I would suggest that you should first ask yourself that if you are unable to absorb the modest inputs that your style of the communication here is not one that gives confidence to persons who do not know you but are only processing what you present, then perhaps you should think if there is not something you should try to change, starting here even.

It is rare that I have seen the very thin skinned project promoter progress well.

I am not your personal coach nor do I have an optimistic reading from what you yourself communicate.

The observatoin, a generic one responding to Walton, is the real world observation.

If you find it difficult to process, I can only tell you that in the real risk financing and investment world where they are impatient, their time is money, and they are bombared with lots of the crappy ideas by persons as burningly convinced as you of their own brilliance, there is not a coaching attitude.

Yes.
from my own experience this is a good observation.

It is sine qua non to demonstrate ability to work in a team at some level and a degree of the persistance.

There’s a difference between inventing something and simply coming up with an idea for something. If you have something invented, something real, pitch to a VC. But be prepared to show some sort of proof of concept and to demonstrate something more than just atypical brain chemistry. A complete lack of successes or work history is going to hurt you.

You can’t roll pennies because you’ll kill someone? Starting your own company means you’ll end up doing a lot of boring tasks unless you get or have the funding to hire pennyrollers. As every dime you pay someone else to roll pennies is a dime taken away from your baby/project- think carefully about who you want to do the small tasks.

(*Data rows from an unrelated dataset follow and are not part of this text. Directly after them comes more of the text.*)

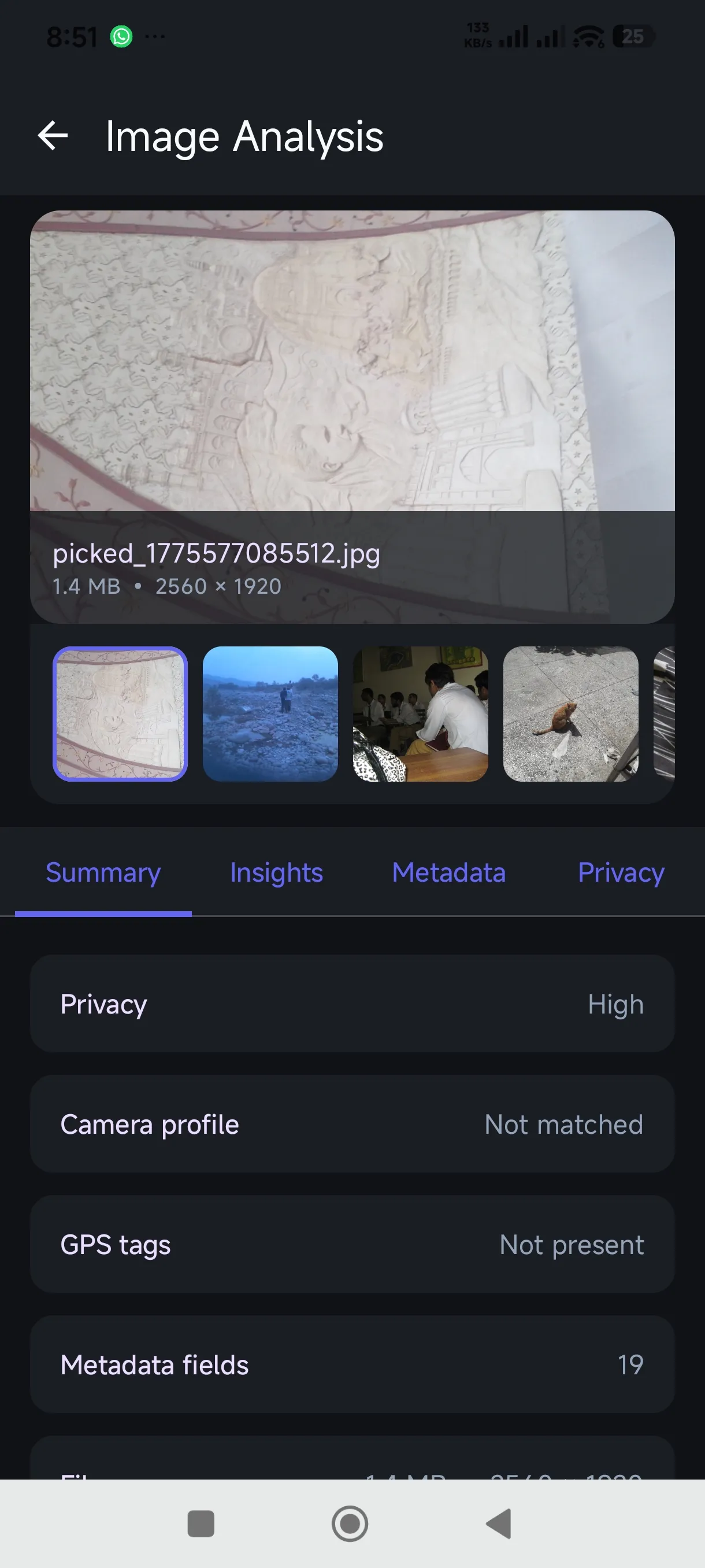 Image Inspector screenshot 7
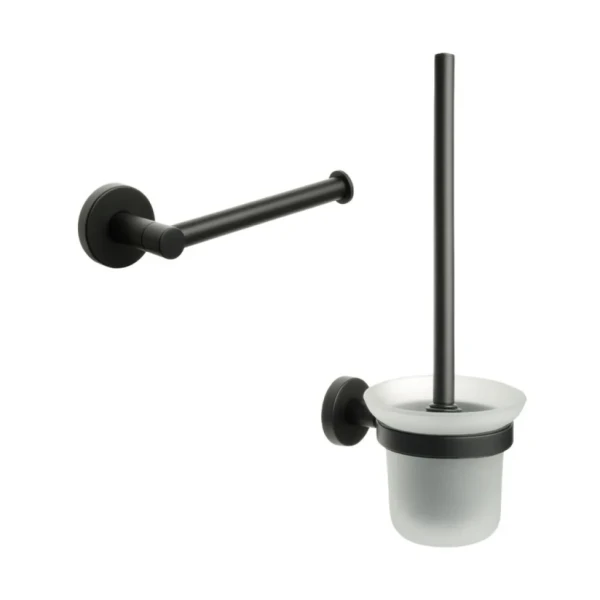 Набор Держатель Fixsen Comfort Black 86010A + Ершик 86013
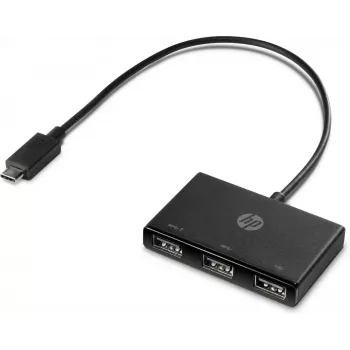 HP USB-C–USB-A centrmezgls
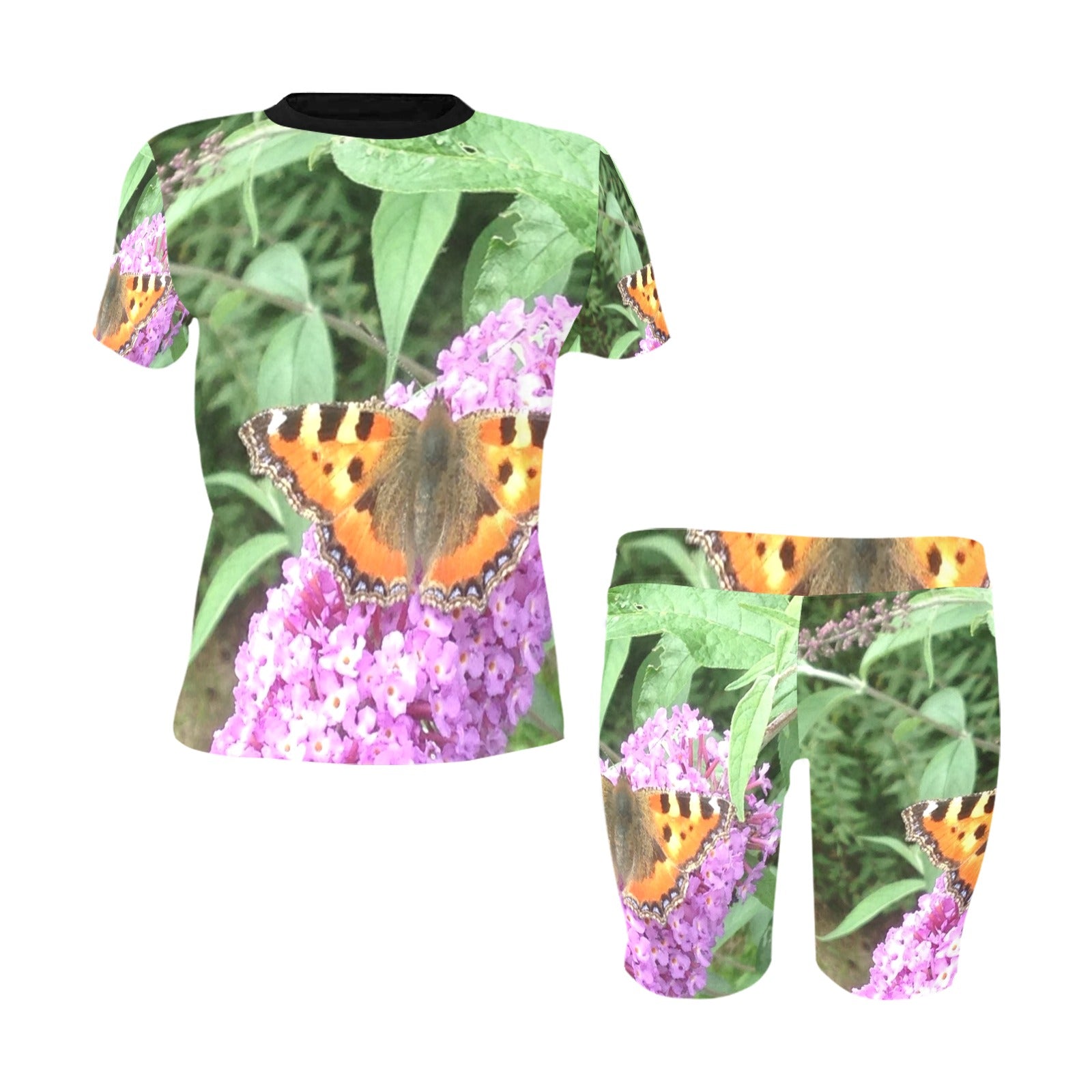butterfly Women's Short Yoga Set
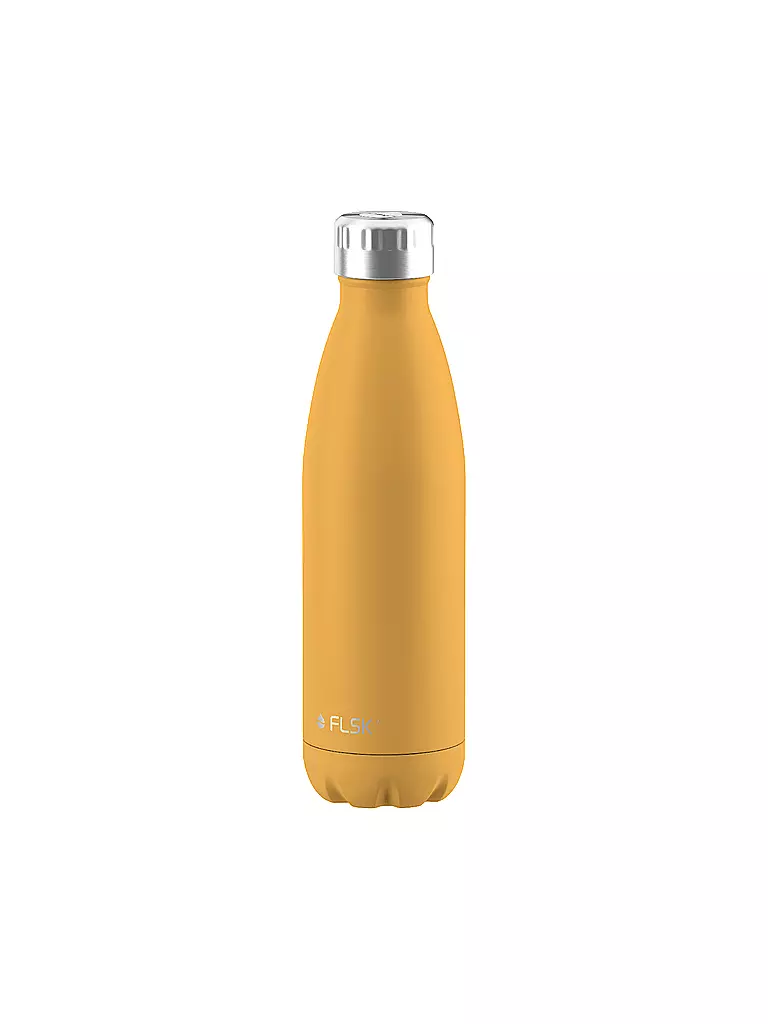 FLSK | Isolierflasche - Thermosflasche 0,5l Edelstahl Sunrise | gelb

I’ll kindly suggest to squish7 that the reason you’re getting a lot of hostility and skepticism is that there are thousands upon thousands of anonymous people on the internet who proclaim their brilliance and amazing talents, and most of them are either lying or delusional. You may be in that category, or you may actually have incredible talent, but there’s no way to confirm that through mere anonymous text on a message board.

If you can’t deign to do the little things, why should anyone trust you to actually do the big things?